In Hosea, God speaks to the people of Israel who have been deported from their land and its connections and opportunities to another land far away where they must obey the rules and acknowledge the customs of other masters with strange names and difficult languages.
Here they are taunted: sing us the songs of your land, for amusement and entertainment. Their institutions and their religion are ridiculed and their king is dead.
But this is the place where the prophets of the Lord announce the possibility of renewal. New messages of hope and new kinds of relationships.
The valley of Achor – the Valley of Sorrows is the very place where they will be wooed by their God, whose love and faithfulness has not failed or deserted Him.
It is in the very place where they feel most inadequate in all aspects of their lives that God promises to meet them and teach them and lead them and cherish them. Here they will be renewed and a new kind of covenant is opened up before them.
Now each person will know and serve the Lord and will not have to rely on the teachings and authority of their clergy.
The very place where they felt most abandoned is also the very place where God will draw close to them.
Paul also expressed his confidence in the Christians of Corinth – and this had been a church beset by division, open immorality, confused teaching and distorted practices.
These were the people who had to be re-taught the very basics of the Christian life – and yet Paul is still supremely confident in them.
For all their problems and failures Paul was still proud of the Christians in Corinth and would boast of them wherever he went.
In Mark’s gospel, we are told of the recruitment of Matthew, the tax-collector, to follow Jesus. It was a direct and personal invitation – in fact, more like a command: “Follow Me!” and probably to his own astonishment Matthew got up and abandoned his revenue desk and followed Jesus.
But there is more to it than that for Matthew’s other name was Levi. He came from a priestly family whose proper place was in the temple of Jerusalem where they were to serve the conduct of worship.
But here he was, serving not God in the temple of his brethren who worshipped there but ROME. He was their tax collector and as such was entitled to levy any rate he liked on his own people provided that he delivered the revenue to Rome. Far from serving his people he was collaborating with their occupiers.

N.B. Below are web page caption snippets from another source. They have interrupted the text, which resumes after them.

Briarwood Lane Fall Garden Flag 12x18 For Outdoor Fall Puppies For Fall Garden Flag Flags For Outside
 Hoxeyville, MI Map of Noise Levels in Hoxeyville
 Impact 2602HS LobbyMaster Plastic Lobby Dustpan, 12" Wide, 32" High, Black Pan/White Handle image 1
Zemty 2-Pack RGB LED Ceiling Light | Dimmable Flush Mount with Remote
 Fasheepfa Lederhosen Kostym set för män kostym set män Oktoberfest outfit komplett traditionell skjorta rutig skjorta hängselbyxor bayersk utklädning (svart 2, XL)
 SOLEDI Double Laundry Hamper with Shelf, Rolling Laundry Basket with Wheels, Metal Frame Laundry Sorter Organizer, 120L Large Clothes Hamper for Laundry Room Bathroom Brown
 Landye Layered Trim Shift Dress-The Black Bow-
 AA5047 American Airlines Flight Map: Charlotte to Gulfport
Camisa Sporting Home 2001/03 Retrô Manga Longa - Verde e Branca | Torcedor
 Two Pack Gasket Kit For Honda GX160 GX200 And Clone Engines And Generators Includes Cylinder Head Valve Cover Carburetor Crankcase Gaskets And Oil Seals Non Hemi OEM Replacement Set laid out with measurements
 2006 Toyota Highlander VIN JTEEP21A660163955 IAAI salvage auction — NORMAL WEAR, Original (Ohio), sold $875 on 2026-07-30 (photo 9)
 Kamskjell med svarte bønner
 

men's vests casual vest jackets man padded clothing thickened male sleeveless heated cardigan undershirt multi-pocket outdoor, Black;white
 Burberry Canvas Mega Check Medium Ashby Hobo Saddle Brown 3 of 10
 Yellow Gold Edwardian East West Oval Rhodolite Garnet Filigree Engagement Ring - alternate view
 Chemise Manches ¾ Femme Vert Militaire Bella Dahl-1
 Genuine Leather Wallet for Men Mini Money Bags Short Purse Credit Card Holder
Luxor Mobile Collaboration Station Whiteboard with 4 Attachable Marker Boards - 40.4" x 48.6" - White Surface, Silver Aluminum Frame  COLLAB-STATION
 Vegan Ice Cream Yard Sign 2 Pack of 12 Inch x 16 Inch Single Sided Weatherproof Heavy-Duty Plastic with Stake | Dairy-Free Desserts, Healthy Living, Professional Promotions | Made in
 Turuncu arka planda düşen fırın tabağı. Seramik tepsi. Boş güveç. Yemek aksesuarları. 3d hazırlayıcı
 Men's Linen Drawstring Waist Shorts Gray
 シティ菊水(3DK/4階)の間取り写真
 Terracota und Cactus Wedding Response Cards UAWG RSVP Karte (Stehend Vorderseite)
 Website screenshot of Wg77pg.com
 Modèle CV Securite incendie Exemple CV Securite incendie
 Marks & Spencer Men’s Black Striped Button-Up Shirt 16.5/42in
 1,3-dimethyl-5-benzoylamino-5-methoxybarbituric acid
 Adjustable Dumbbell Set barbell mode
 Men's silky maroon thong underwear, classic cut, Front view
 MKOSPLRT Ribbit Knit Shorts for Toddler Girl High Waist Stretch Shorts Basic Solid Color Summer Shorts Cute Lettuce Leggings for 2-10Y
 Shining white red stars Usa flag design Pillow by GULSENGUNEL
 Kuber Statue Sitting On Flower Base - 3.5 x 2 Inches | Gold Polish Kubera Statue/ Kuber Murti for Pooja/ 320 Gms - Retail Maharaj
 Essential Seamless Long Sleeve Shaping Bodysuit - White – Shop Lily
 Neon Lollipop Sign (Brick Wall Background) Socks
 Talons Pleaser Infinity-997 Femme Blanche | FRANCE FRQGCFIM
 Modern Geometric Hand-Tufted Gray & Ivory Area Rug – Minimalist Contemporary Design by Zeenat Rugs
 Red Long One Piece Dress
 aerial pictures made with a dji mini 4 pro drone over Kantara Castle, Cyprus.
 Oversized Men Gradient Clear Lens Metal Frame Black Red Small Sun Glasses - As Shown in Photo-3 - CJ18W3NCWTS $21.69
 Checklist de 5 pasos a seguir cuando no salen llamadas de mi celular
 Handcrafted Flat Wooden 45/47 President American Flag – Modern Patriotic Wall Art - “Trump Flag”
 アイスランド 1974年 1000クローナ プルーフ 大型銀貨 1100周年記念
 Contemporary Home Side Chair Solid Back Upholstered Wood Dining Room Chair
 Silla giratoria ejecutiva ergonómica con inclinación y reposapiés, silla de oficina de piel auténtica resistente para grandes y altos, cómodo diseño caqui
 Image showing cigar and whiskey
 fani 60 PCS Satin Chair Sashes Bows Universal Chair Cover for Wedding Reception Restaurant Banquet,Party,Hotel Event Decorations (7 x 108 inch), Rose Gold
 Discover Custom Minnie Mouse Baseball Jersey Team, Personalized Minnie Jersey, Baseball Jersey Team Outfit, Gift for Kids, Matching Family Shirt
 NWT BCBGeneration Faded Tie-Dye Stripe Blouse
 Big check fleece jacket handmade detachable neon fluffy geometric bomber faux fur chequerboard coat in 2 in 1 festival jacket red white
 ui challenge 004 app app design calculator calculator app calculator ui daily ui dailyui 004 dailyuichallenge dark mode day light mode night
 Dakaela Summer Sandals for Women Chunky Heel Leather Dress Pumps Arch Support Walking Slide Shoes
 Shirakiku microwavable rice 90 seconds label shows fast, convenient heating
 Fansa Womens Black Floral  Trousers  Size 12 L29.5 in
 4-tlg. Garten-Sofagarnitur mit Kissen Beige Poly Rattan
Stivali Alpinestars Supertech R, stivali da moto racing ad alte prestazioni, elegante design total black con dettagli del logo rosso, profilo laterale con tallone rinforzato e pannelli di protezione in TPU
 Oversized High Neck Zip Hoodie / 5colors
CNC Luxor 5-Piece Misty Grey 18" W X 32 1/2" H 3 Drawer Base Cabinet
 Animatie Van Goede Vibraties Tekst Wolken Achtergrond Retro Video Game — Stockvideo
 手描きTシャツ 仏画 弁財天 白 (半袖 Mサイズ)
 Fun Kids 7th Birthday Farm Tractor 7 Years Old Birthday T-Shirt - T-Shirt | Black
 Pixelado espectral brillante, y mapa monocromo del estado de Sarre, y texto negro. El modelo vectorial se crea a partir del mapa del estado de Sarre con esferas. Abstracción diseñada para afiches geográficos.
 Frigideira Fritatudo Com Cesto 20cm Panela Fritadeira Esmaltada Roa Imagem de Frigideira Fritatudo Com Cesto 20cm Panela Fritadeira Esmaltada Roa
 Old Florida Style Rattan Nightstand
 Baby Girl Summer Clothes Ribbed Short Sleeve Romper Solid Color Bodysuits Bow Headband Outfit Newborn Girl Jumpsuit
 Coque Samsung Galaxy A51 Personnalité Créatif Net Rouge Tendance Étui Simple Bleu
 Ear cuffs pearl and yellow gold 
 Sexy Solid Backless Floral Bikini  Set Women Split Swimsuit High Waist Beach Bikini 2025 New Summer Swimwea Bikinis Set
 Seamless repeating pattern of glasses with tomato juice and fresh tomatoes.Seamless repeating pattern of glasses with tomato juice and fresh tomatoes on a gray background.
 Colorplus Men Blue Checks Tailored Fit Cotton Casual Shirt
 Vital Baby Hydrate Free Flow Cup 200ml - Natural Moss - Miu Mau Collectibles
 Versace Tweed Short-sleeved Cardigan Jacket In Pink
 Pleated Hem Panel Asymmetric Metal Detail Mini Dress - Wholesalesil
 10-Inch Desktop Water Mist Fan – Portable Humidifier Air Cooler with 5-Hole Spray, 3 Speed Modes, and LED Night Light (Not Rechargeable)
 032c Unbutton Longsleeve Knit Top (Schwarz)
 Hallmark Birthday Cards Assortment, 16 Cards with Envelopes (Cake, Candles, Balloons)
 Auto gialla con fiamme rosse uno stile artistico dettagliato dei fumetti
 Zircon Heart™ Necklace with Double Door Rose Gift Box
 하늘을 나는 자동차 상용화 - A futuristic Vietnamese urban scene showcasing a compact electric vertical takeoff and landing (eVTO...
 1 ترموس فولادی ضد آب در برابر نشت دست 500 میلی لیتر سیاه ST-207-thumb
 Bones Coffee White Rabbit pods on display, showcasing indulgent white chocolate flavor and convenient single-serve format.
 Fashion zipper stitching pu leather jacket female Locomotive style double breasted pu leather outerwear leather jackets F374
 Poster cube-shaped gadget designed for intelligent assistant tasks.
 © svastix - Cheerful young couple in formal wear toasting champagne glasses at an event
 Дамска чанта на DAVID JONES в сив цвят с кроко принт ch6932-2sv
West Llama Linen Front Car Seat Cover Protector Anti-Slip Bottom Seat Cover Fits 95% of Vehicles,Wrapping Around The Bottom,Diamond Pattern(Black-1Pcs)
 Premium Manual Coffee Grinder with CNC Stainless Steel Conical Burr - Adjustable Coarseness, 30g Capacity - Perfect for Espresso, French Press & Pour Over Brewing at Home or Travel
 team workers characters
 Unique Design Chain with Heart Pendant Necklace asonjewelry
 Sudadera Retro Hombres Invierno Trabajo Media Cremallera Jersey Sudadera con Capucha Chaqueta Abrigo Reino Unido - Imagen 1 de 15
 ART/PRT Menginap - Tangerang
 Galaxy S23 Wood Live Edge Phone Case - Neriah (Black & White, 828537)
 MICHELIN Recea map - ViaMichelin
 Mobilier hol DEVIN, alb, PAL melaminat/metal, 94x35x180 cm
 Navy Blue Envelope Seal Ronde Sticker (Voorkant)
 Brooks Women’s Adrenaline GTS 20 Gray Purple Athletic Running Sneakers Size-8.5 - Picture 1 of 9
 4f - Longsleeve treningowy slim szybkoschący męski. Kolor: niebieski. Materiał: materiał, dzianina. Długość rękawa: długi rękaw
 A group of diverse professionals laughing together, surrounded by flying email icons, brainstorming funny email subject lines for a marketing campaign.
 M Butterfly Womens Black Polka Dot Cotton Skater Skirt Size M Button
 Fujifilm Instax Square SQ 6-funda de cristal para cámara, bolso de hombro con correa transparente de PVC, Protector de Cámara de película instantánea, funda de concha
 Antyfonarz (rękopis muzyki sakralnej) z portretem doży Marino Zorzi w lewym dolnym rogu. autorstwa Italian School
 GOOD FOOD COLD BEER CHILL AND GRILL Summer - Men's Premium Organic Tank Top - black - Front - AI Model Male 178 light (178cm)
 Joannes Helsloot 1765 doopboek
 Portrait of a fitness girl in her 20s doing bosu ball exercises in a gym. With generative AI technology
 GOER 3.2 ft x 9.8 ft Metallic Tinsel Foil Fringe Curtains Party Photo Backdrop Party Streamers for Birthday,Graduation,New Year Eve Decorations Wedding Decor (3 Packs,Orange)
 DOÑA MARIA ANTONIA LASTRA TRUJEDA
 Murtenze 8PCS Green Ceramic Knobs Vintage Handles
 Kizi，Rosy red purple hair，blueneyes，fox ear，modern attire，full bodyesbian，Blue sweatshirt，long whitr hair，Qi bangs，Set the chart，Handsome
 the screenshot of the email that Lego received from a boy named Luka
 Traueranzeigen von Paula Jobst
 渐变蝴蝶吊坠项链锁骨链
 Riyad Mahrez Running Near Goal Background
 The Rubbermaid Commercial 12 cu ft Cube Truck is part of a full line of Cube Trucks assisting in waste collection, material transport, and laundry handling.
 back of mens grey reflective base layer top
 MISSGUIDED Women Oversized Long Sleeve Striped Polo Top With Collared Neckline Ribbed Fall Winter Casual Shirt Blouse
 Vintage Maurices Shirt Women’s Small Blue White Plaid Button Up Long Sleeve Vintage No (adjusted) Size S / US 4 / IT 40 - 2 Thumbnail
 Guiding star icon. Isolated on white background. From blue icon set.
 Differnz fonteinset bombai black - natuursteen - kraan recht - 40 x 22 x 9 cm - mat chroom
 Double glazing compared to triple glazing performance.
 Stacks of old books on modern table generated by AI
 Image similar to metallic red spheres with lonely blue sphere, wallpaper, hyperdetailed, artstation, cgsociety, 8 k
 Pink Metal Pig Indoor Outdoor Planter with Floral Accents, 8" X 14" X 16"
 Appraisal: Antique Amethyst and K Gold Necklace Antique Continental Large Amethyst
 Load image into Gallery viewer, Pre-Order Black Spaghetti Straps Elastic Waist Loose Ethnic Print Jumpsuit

Something had gone badly wrong in his life to reduce his to this – but Jesus saw enough to say “Follow Me!” Whatever had fallen apart in his life, Jesus still saw a Son of Israel.
No matter how many Matthew had betrayed, Jesus still saw that which could be redeemed and renewed and re-directed.
I think that the point in these readings is pretty clear. Each speaks of new beginnings and renewals. Together they add up to an overwhelming statement of God’s confidence in us.
We can of course deflect this challenge – for a challenge it is – by saying “Oh well, my sins are far too serious for God to forgive” – or “I’m out of practice in these things and there are so many other calls on my time and energy” – or “I’m really quite happy as I am” – this at least is honest.
But let us put it another way. There is no obstacle that we can contrive that the Lord cannot overcome. The only one is our own free-will. We can refuse God but we cannot offer excuses.
My challenge is to each person who has better things to do with his or her life: explain to the Lord why you should not enter a deeper place of faith and commitment in your life. Explain why you do not wish to enter a more intimate love with Him, why you do not wish Him to bless and renew and strengthen you, especially in that place of loss or sadness or disappointment.
And then when you have done that – let Him come back to you with His personal word or act of encouragement.
Faith is in fact a two-way street for not only do we express our faith in the Lord for His mercy and love towards us, but He also expresses His confidence in us, and there is no obstacle in our lives that He cannot overcome: if we are willing.